Despatches: Busy two weeks for books! How much does publicity translate into magnificent sales?

Following upon my last post, I think there is a good feeling in the air about books, and children's literature. The Book Industry Association of Jamaica (BIAJ), as part of its week of events, held a publishing seminar on March 16. It was well attended and left us either feeling how easy it would be to do Ebooks, or wondering if it could really be that easy. However, I do think that we are beginning to understand a bit more about it, to be able to seriously consider it. (photo: Kellie Magnus presenting at BIAJ seminar)

My reading from Island Princess in Brooklyn (Carlong Publishers) at Sangster's Sovereign on March 17, went very well. The children were from the store's book clubs, Sovereign and Spanish Town. The Manager of the Sovereign branch and her assistant were prepared. The children were interested and lively. The children got prizes for being able to answer questions about the excerpt read, and there was a main prize for the child who was the best dressed 'Princess'. The girl who won had on grey pants and a red coat/jacket. She looked very smart indeed. Helen Williams, fellow author, also read from Island Princess in Brooklyn in Montego Bay. I thank her for doing that and I do hope that she will also be able to read again from her own book, Delroy in the Marog Kingdom. (Macmillan)

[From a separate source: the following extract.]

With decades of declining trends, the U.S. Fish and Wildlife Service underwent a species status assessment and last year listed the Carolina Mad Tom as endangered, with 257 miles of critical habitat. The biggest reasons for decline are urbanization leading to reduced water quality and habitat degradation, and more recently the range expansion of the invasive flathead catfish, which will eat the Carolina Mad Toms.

The Book Fair at Emancipation Park, also on March 17, was well attended and there were readings from both adult and children's fiction. Dorothy Noel, Publishing Manager of Carlong Publishers read from Island Princess in Brooklyn for me. Other children's authors reading were persons like Jana Bent and Kellie Magnus. The BIAJ must be congratulated for this and other events for that week.
Last week, my friend and fellow writer, Hazel Campbell, was interviewed for the Susan Show (children's). This was for a book club at Kingston Bookshop and the interview was inserted into the Book Club programme. The programme was on TV, and the interview was a delight as she was interviewed by a little girl about her book, Miss Bettina's House (Carlong Publishers). The children at the Book Club also discussed the book which was read to them by Susan herself.

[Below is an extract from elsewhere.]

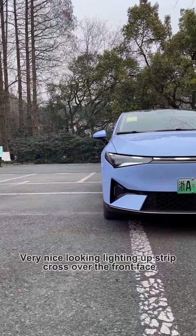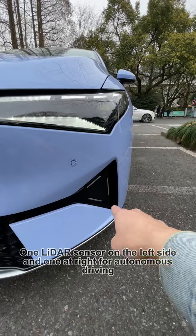Very nice looking lighting strips straight across the front face. One LiDAR sensor on the left side and one on the right side for autonomous driving. 18-inch wheels.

So I think we have to give these two chains, Sangster's and Kingston Bookshop full marks for trying to encourage reading.

Then on March 21, there was a Literary Evening (one of many they have held at the Emrie James Museum at St. Andrew High School for girls) with fours of us reading and talking about our books, Melanie Schwapp, Valerie Wint and Jacqueline Young and myself. We are all St. Andrew old girls and I was a teacher there as well. Island Princess in Brooklyn was the only children's book being read and I am pleased that they included a children's book. It was a great evening. Everybody was enthusiastic, with all sorts of further plans for books. I sold a number of my books, and the young admirer of my books was there to get one. Pretty cool! A video of the event can be seen on the museum site. (photo: Rachael Browne, my younger daughter, and I at Literary Evening)

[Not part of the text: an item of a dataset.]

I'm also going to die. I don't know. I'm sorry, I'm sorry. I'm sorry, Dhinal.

It's been a busy time, and now writing about it, I understand why I have felt somewhat emotionally tired. It's all that creative energy, on display, shared, enjoyed. Wonderful! Wonderful!

It stuck me, however, that even with all this publicity I've been getting and generating for Island Princess in Brooklyn, it does not add up to a magnitude of sales. For any of the children's books to be viable there has to be a bulk order. No, I'm not being ungrateful. I am very grateful for the publicity generated by others, as well as my ability to generate some myself, which as you know, is a new learning for me - promoting oneself. And I suppose this applies to any book. It's just an interesting observation because, from what one reads it might seem that lots of publicity adds up to significant sales. So to answer the question posed in the title of this post, it does not necessarily. And of course the term 'magnificent' is totally 'out of order'. However, it is good to get accustomed to the generation of publicity and awareness. There certainly has been greater awareness of books and children's books, and I feel much more energised about the book scene, less disappointed in our approach to children's literature. I actually feel quite hopeful. A reading renaissance? Jamaica reading? What a something!